2018-01-01

Exploring Elixir GenServers

Of the many powerful features in Elixir, OTP and GenServers have proven the most interesting.

OTP, or Open Telecom Platform, is where the Elixir concurrency magic comes from. Battled tested over the years in Erlang, OTP has become a powerful tool in creating resilient and concurrent applications. The simplest way to experience the power of OTP is with Elixir’s GenServers.

GenServers, as described by the great Elixir School, is “a loop that handles one request per iteration passing along an updated state”. The power of this is typically show with a grocery list or a queue of some kind. Instead I experimented with it in a more real world situation: checking whether my servers are up.
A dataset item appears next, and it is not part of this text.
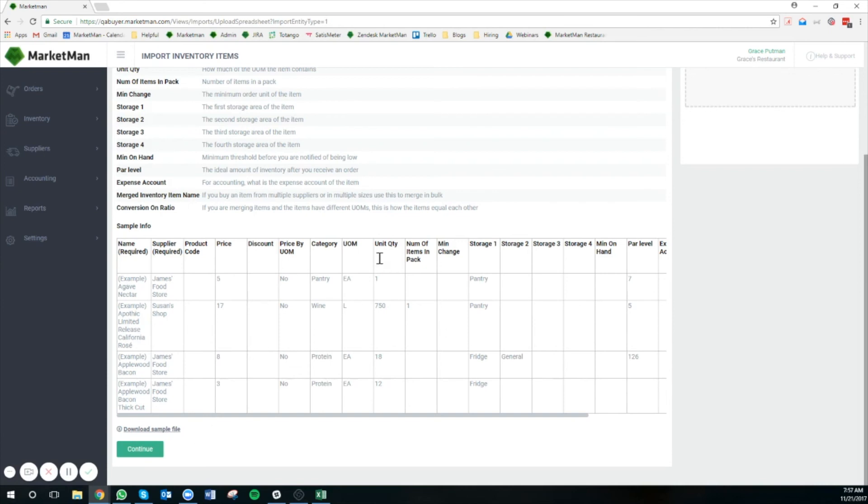Once I've uploaded the file, I'll press continue and MarketMan will let me know if there's any changes that need to be made, any errors, or any corrections that we would suggest. Once I've completed this process, I've successfully imported all of my items into MarketMan in bulk.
The monitoring of server uptime is nothing new, services like Pingdom have been around for years and are widely used. The basic premise is you provide a website URL or server IP for them to monitor. If things go down they will notify you so you can react appropriately.

In the original development of this simple application, I used Quantum to run a function on schedule. A list of all the hosts to monitor was created and they would be individually checked to ensure they were online. In practise this works, but it’s awfully rigid and doesn’t have much room to grow. If an error occurred that wasn’t handled correctly a whole bunch of following hosts may not be checked for example.

config :pong, Pong.Scheduler,
  jobs: [
    # Ping all hosts every minute
    {"* * * * *", {Pong.Monitors, :check_hosts, []}},

     # Check status of all hosts every minute
    {"* * * * *", {Pong.Reports, :check_status, []}},

    # Remove old checks every hour
    {"5 * * * *", {Pong.Redis, :delete_old_checks, []}}
  ]

Enter Elixir GenServers. The second approach was to write a GenServer that would be self contained and represent all the actions required to monitor a host. This way each host I wanted to monitor would get its own GenServer spawned. These GenServers would independently check on their corresponding host. If an issue where to arise for a GenServer, only it would be affected, leaving the rest to continue as they were. An added bonus is that each GenServer can accept a list of options, allowing hosts to following different check schedules or notification options.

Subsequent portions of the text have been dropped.